Comment Re:Been there. Done that. (Score 1) 841
... but the IRS deliberately cultivates that reputation. They WANT to be known as baby-eating killers,...
Yep, some employees get off on that crap. We hate those guys. They make the papers in unflattering ways that reflect on all of us.
By shortly after the beginning of this century, most of them had retired or been put on a short leash. Things are changing now...and not for the better, I'm afraid.
...the IRS has to pull something like holding day care students hostage until the parents pay the school's taxes.
Technically, that's not what happened. However, that's how it was perceived.
(What actually happened was that when parents came in to pick up their kids and drop off their payments to the school, the IRS Revenue Officer present asked them to wait while he prepared a form for each of them seizing the checks. There was a delay for anyone who cooperated which meant they were delayed in being reunited with their kids. There was nothing to stop any of them from simply saying "Get stuffed. Mail it to me. I'm taking my kid and leaving." other than their fear of authority.)

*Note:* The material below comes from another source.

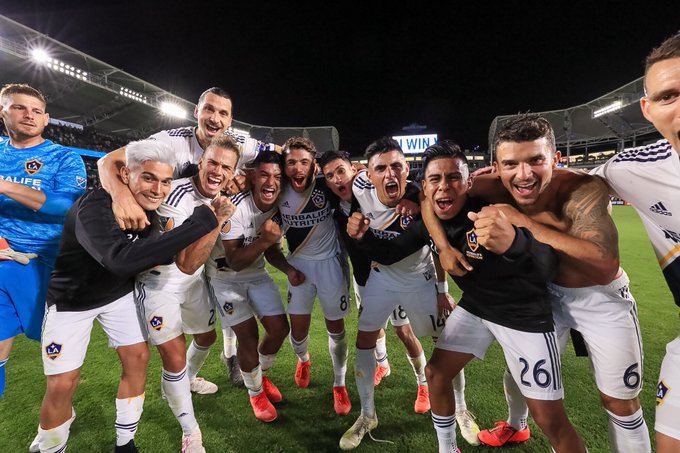 Ibrahimovic 3 gol attı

In the aftermath of that incident, every single Revenue Officer at the IRS got a special training session on "This is how you screw up public relations. Don't do anything this stupid!" That case study is actually a part of the formal training for new Officers now, along with a strong admonition that any Officer who makes the Bureau look that bad in public again is committing career suicide.
But, yeah, a lead Revenue Officer on a seizure really screwed up one time. I don't think that justifies condemning the whole agency.